The account belonged to a contributor who had access to push code packages
in the Fedora SCM, to perform builds and to
make updates to Fedora packages, according to Smith. The contributor was not a
member of any sysadmin or Release Engineering groups and had only limited
privileges on fedorapeople.org, he wrote.
The Fedora Infrastructure Team investigated the incident, and was able to
conclude that the attacker did not push any changes to the Fedora SCM,
access the project repositories at pkgs.fedoraproject.org, perform any builds
or push out any package updates, according to Smith. "We do not believe
that any Fedora packages or other Fedora contributor accounts were affected,"
and there is "no evidence" that the compromise "extended beyond
this single account," he wrote.
What the attacker did manage to do was to change the value of the SSH key
saved in the Fedora Accounts System and log in to fedorapeople.org, Smith said.
The breach was discovered because the original account user received an e-mail
from Fedora Account System indicating some account details had been changed. As
soon as the Infrastructure Team was notified, the compromised account was
locked down and a thorough audit of the logs was conducted to track all
attacker activity, Smith wrote.

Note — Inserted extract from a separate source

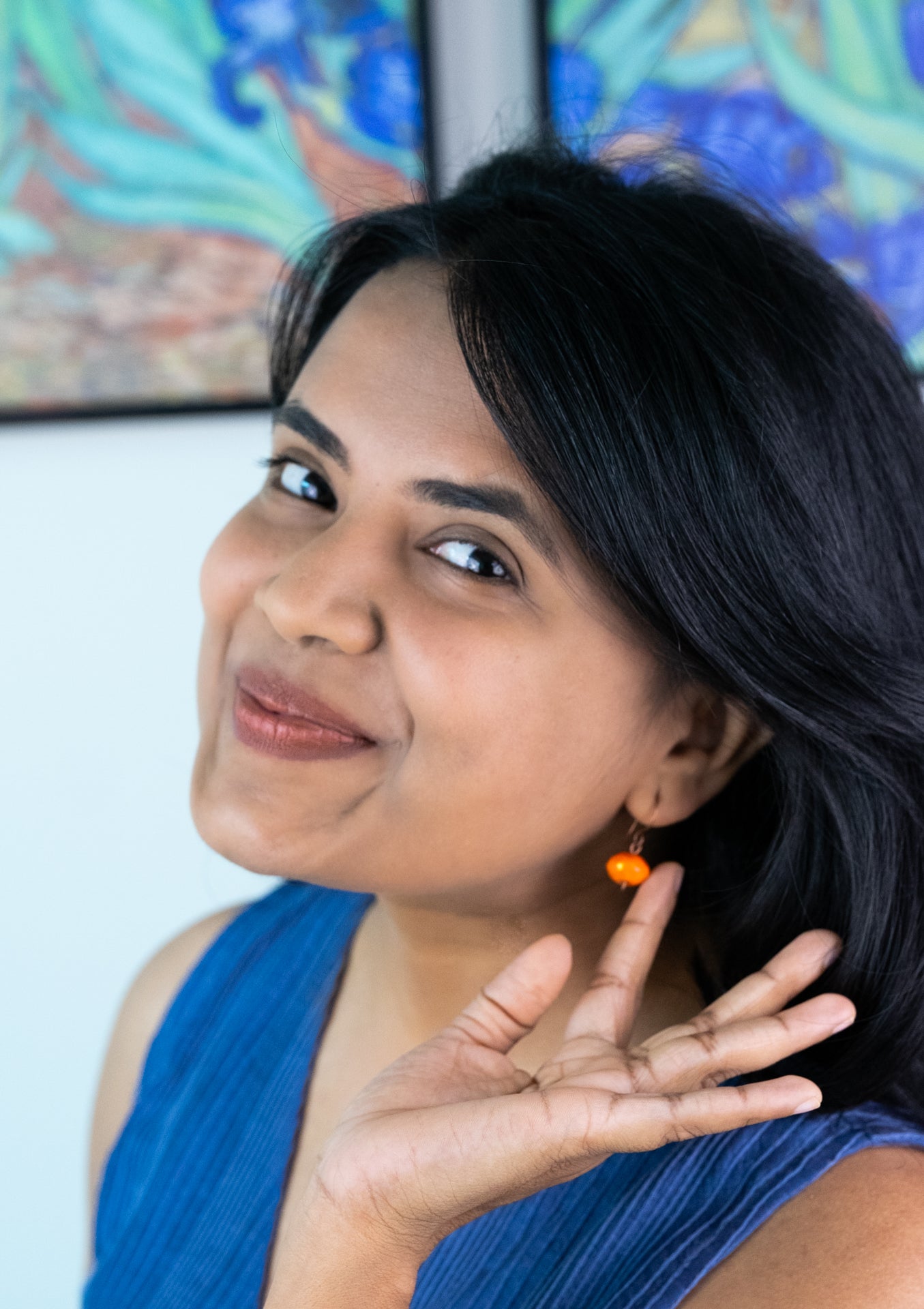 Golden Hour: Copper Drop Earrings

The Infrastructure Team took snapshots of all
the filesystems the account had access to and compared it with previous
snapshots to ensure no changes had been made.
With the compromise of fedorapeople.org, the attacker could have pushed
changes to Fedora's SCM system, but Smith
said it wasn't likely. He still encouraged Fedora package maintainers to report
anything they considered suspicious.
The account information was "compromised externally," and the "Fedora
Infrastructure was not subject to any code vulnerability or exploit,"
Smith wrote. He reminded contributors of the importance of choosing a strong
password and to not reuse their Fedora password on other Websites or accounts.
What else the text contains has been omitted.